Par l’intermédiaire de ce mécanisme, les pays développés transfèreront aux pays en développement leur obligation de réduire leurs émissions, et le Sud financera, une fois de plus, le Nord puisque cette entreprise du Nord économisera beaucoup d’argent en achetant des « certificats » de carbone des forêts du Sud.
Non seulement, ils tricheront en ce qui concerne leurs engagements de réduction des émissions, mais ils ouvriront également la porte à la mercantilisation de la nature en commençant par les forêts. Les forêts feront l’objet d’une estimation en raison de la quantité de tonnes de CO² qu’elles sont capables d’absorber. Les « obligations » ou les « crédits-carbone » qui attestent de cette capacité d’absorption seront achetés et vendu(e)s comme n’importe quelle marchandise au niveau mondial. Pour s’assurer que personne ne viole la propriété des acheteurs de « certificats REDD », un ensemble de restrictions a été mis en place, lequel finira par bafouer les droits souverains des pays et des peuples indigènes sur leurs forêts et la jungle. C’est alors que commencera une nouvelle étape de privatisation de la nature jamais observée auparavant qui s’étendra progressivement à l’eau, à la biodiversité et à ce qu’ils qualifient de « services environnementaux ».
Alors que nous affirmons que le capitalisme est la cause du réchauffement global et de la destruction des forêts, de la jungle et de la Terre Mère, eux cherchent maintenant à étendre le capitalisme à la mercantilisation de la nature sous couvert du dénominatif « économie verte ».
Afin d’obtenir le soutien à cette proposition de mercantilisation de la nature, certains organismes financiers, gouvernements, ONG, fondations, « experts » et entreprises intermédiaires offrent un pourcentage des « bénéfices » de cette « mercantilisation » de la nature aux peuples indigènes et aux communautés vivant dans les forêts de peuples originaires et la jungle.
La nature, la forêt et les peuples indigènes ne sont pas en vente !
A travers les siècles, nous, peuples indigènes avons vécu en prenant soin et en préservant les forêts de peuples originaires et la jungle.
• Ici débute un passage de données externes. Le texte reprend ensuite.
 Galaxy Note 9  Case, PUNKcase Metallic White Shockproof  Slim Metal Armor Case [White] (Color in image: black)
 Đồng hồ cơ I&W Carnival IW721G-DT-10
Nous ne considérons les forêts et la jungle ni comme un objet ni comme une chose que l’on peut évaluer et privatiser.
Nous n’acceptons pas que l’on réduise les forêts d’indigènes à une simple quantité mesurable de carbone. Nous n’accepterons pas non plus que l’on prenne les forêts d’indigènes pour de simples plantations d’une ou plusieurs espèces d’arbres. La forêt est notre foyer, elle est la grande maison où coexistent plantes, animaux, eau, sol, air pur et êtres humains.
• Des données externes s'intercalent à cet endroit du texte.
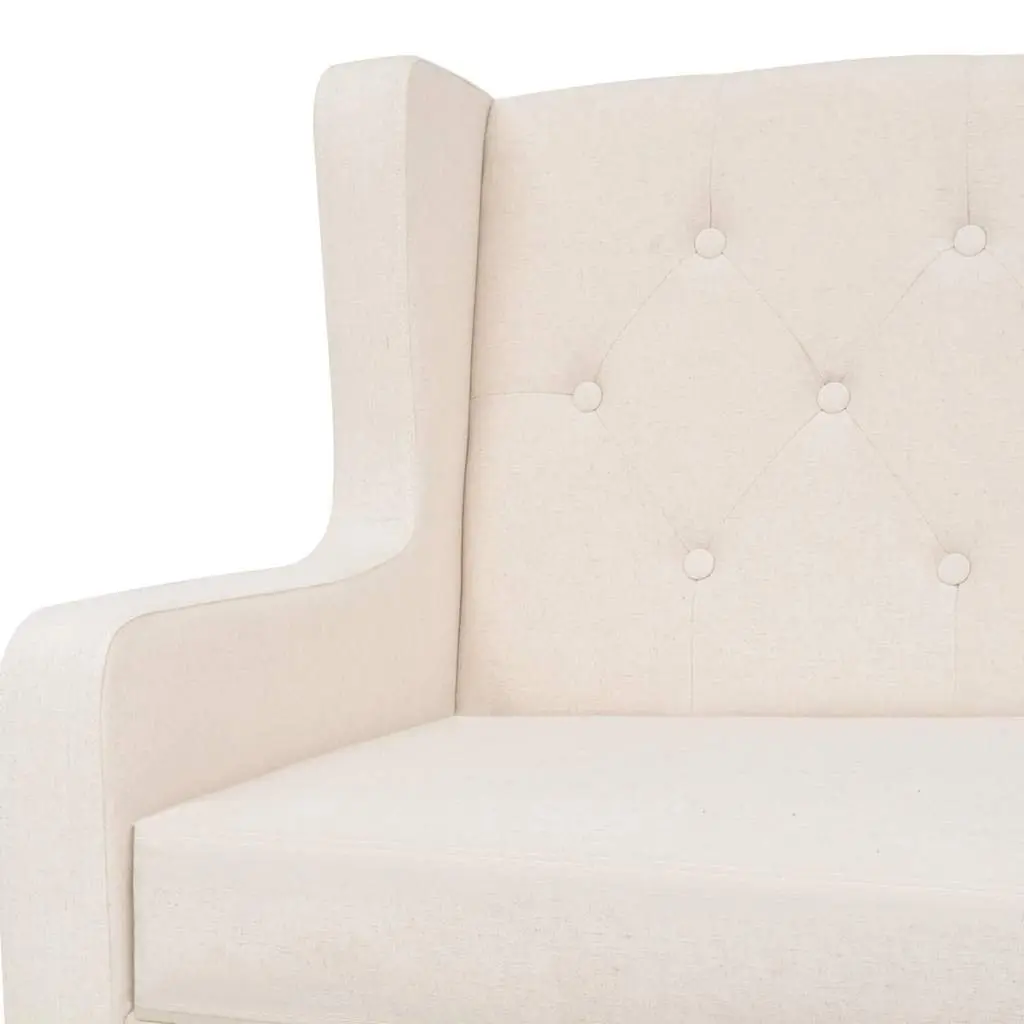 3-Seater Sofa White Fabric Living Room Couch Upholstered Polyester Foam Padding Solid Wood Frame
Il est fondamental que tous les pays du monde travaillent ensemble pour éviter la déforestation et la dégradation des forêts et de la jungle. Il incombe aux pays développés de contribuer économiquement à la préservation des forêts, celle-ci faisant partie intégrante de leur dette climatique et environnementale, mais NON à travers leur mercantilisation. Il existe de nombreux moyens d’aider et de financer les pays en développement, les peuples indigènes et les communautés locales qui contribuent à la préservation des forêts.
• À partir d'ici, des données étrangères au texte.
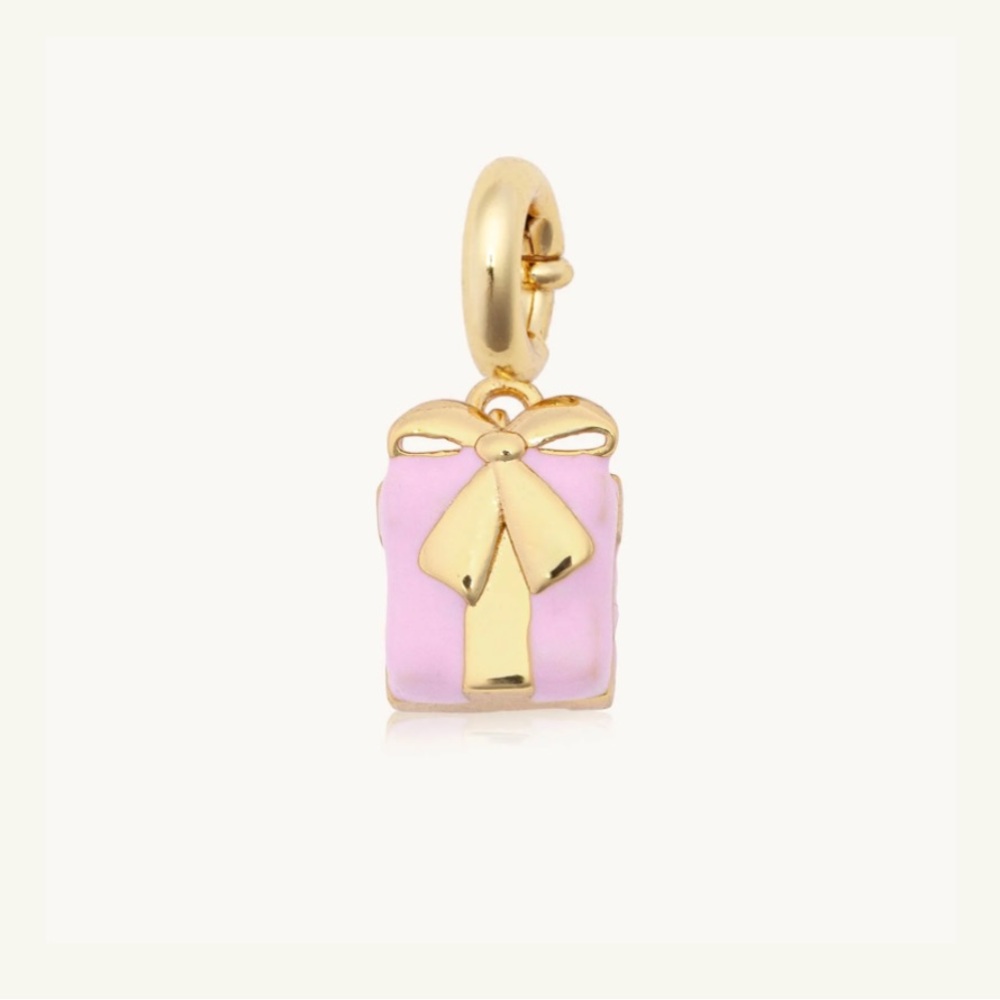 LIKE NEW Little Words Project Pink and Gold Present Gift Box Charm - Picture 2 of 2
Les pays développés dépensent des dizaines de fois plus de ressources publiques pour la défense, la sécurité et les guerres que pour le changement climatique. Même pendant la crise financière beaucoup ont maintenu voire augmenté leurs dépenses relatives à la défense. Il est inadmissible qu’en profitant des besoins des communautés et des ambitions de certains dirigeants et « experts » indigènes, on vise à impliquer les peuples indigènes dans la mercantilisation de la nature.
Tout mécanisme de protection des forêts et de la jungle doit sauvegarder les droits et garantir la participation des indigènes. Toutefois, nous ne pouvons accepter, sous prétexte de participation des indigènes à la REDD, qu’on prise et qu’on négocie au sein d’un marché mondial le carbone des forêts et de la jungle.
Frères indigènes, ne soyons pas dupes. Certains nous disent que le mécanisme de marché du carbone dans le cas de la REDD se fera sur la base du volontariat. C’est-à-dire que celui qui le voudra pourra vendre et acheter, et celui qui ne le souhaitera pas, sera mis à l’écart. Nous ne pouvons pas accepter qu’avec notre consentement on crée un mécanisme dans lequel les uns vendent volontairement la Terre Mère alors que les autres regardent les bras croisés.
Face à ces visions réductionnistes et mercantilistes des forêts et de la jungle, les peuples indigènes, conjointement avec les paysans les mouvements sociaux du monde, doivent lutter en faveur des propositions de la Conférence Mondiale des Peuples sur le Changement Climatique et les droits de la Terre Mère :
Contrôle intégral des forêts d’autochtones en prenant en compte non seulement leur fonction de réduction des émissions de CO² mais également leurs fonctions et potentialités permettant de ne pas les confondre avec de simples plantations.
Par rapport à la souveraineté des pays en développement dans la gestion intégrale de leurs forêts.
Respect intégral des droits des peuples indigènes déterminés par la Déclaration des Nations Unies sur les Droits des Peuples Autochtones, de la Convention 169 de la OIT et d’autres instruments internationaux ; reconnaissance et respect de ses territoires ; revalorisation et application des connaissances indigènes pour la préservation des forêts ; participation et gestion des forêts et de la jungle par les peuples indigènes.
Financement des pays en développement et des peuples indigènes par les pays développés pour le contrôle intégral des forêts comme faisant partie de sa dette climatique et environnementale. Pas de mise en place d’aucun mécanisme de marché du carbone ou de « mesure d’incitation » qui impliquerait la mercantilisation des forêts et de la jungle.
Reconnaissance des droits de la Terre Mère qui englobe les forêts, la jungle et toutes ses composantes. Afin de rétablir l’harmonie avec la Terre Mère, la marche à suivre n’est pas de faire une estimation de la nature, mais de reconnaître que non seulement nous les êtres humains avons droit à la vie et à nous reproduire, mais que la nature a également le droit à la vie et à se régénérer, et que sans la Terre Mère les êtres humains ne peuvent vivre.
Frères indigènes, ensemble avec nos frères paysans et les mouvements sociaux du monde, nous devons nous mobiliser pour que les conclusions de Cochabamba soient défendues à Cancún, et pour impulser un mécanisme d’ACTIONS RELATIVES AUX FORETS basé sur ces cinq principes, en faisant toujours de l’unité des peuples indigènes et des principes de respect de la Terre Mère notre devise, qu’au travers des siècles nous avons préservé et hérité de nos ancêtres.